-- EXERCISE INPUT follows --
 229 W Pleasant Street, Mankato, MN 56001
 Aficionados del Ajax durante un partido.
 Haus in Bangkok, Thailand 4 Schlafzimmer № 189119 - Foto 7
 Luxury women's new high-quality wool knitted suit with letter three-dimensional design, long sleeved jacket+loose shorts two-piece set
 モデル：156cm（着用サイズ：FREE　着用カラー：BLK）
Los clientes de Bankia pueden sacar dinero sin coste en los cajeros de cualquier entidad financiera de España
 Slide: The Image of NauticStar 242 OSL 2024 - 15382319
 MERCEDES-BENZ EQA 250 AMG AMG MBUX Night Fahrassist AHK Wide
-- EXERCISE INPUT concluded --
### AIM OF THE TASK
Reproduce, with no other lines, the one containing "モデル：156cm（着用サイズ：FREE　着用カラー：BLK）" and all lines after it through the end of the data above.

### TASK RESULT
 モデル：156cm（着用サイズ：FREE　着用カラー：BLK）
Los clientes de Bankia pueden sacar dinero sin coste en los cajeros de cualquier entidad financiera de España
 Slide: The Image of NauticStar 242 OSL 2024 - 15382319
 MERCEDES-BENZ EQA 250 AMG AMG MBUX Night Fahrassist AHK Wide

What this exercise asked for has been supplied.